Última modificação em 3 de setembro de 2026 às 08:30
Fenômeno climático deve atingir intensidade máxima no fim de 2026 e provocar impactos no clima global ao longo de 2027

O fenômeno El Niño deve se intensificar nos próximos meses e atingir níveis considerados muito fortes, segundo alerta divulgado nesta quinta-feira (3) pela Organização Meteorológica Mundial (OMM), agência climática da Organização das Nações Unidas (ONU). A previsão indica que o evento deve atingir seu pico até o fim do ano e continuar influenciando o clima mundial até fevereiro de 2027.
O El Niño é caracterizado pelo aquecimento anormal das águas superficiais do centro e do leste do Pacífico Equatorial. O fenômeno altera os padrões de circulação atmosférica e pode provocar mudanças nos regimes de chuva, temperatura e ventos em diferentes regiões do planeta.
América Latina já sente os efeitos
Na América Latina, os impactos já provocam medidas de emergência. Panamá e El Salvador decretaram estado de emergência devido aos efeitos do fenômeno, enquanto o Equador emitiu alerta vermelho diante da intensificação das condições climáticas.
No Panamá, a redução do nível dos rios chegou a afetar o tráfego de embarcações pelo Canal do Panamá.
Fenômeno pode atingir intensidade excepcional
De acordo com a OMM, o El Niño deve alcançar sua maior intensidade até o final deste ano. Mesmo após o pico, os efeitos sobre as temperaturas e os padrões de precipitação devem permanecer durante os primeiros meses de 2027.
A agência classificou como elevada a possibilidade de o episódio atual se tornar um dos mais intensos já registrados desde o início do monitoramento sistemático do fenômeno, há cerca de 40 anos.
A secretária-geral da OMM, Celeste Saulo, afirmou que o episódio pode superar os níveis observados em eventos anteriores.
El Niño pode agravar o aquecimento global
O El Niño não é causado pelas mudanças climáticas, mas seus efeitos podem potencializar o aquecimento do planeta. O aumento das temperaturas dos oceanos ocorre em um contexto de elevação contínua das temperaturas globais provocada principalmente pela emissão de gases de efeito estufa.
O secretário-geral da ONU, António Guterres, também alertou para o risco de intensificação de eventos extremos, como secas, enchentes e ondas de calor.
Impactos podem atingir economia e serviços
Os efeitos do fenômeno podem se prolongar mesmo depois de seu pico, já que o oceano libera calor para a atmosfera de forma gradual. Esse processo contribui para a elevação das temperaturas globais nos meses seguintes.

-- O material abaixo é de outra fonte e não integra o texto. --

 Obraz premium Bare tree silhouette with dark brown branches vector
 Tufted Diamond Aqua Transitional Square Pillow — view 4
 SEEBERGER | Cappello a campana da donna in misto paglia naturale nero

O ano de 2024 foi o mais quente já registrado, após a ocorrência de um forte episódio de El Niño.
A OMM alerta que o atual fenômeno pode provocar impactos significativos sobre comunidades e economias, especialmente em áreas vulneráveis a secas e inundações.

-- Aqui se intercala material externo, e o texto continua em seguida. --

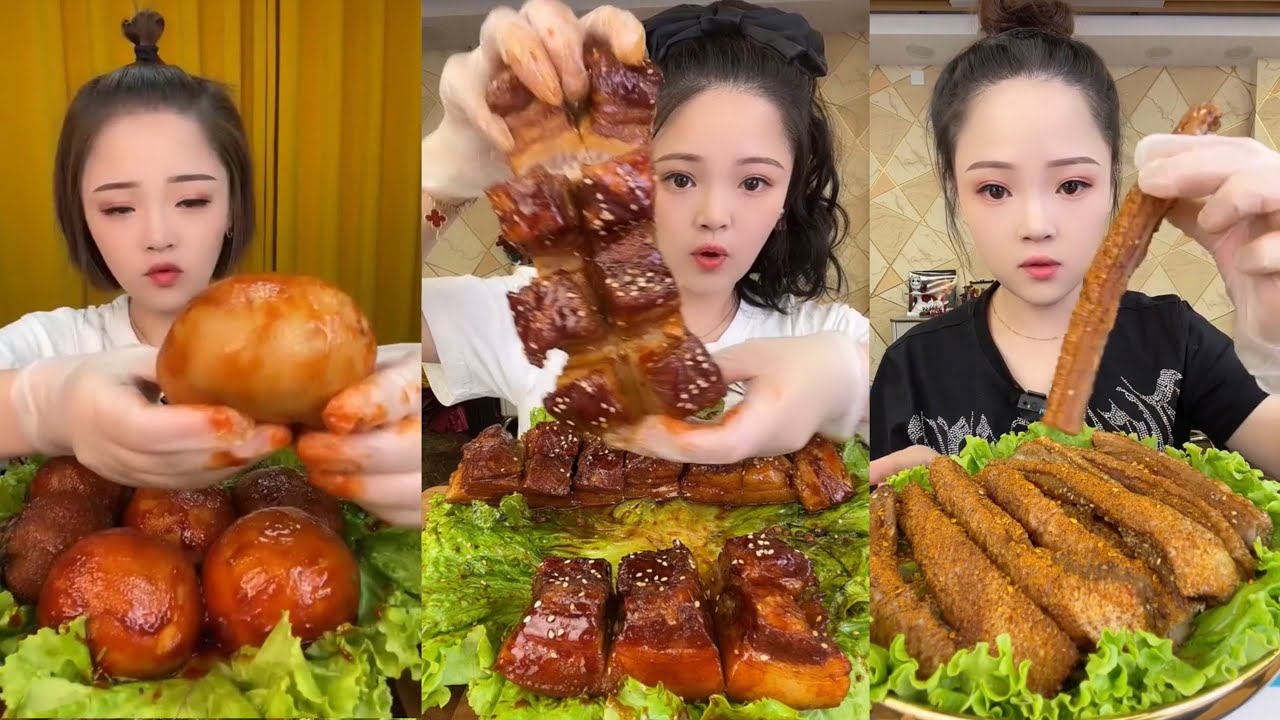 ASMR MUKBANG | Red Braised Pork Belly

A entidade recomendou que governos e setores dependentes das condições climáticas, como agricultura, saúde, energia e recursos hídricos, adotem medidas preventivas.
El Niño pode durar até fevereiro
O fenômeno ocorre, em média, a cada dois a sete anos e costuma durar entre nove e 12 meses. Ele faz parte de um ciclo climático que alterna períodos de El Niño, La Niña e condições neutras. Segundo a OMM, existe uma probabilidade próxima de 100% de que o atual episódio continue até fevereiro de 2027.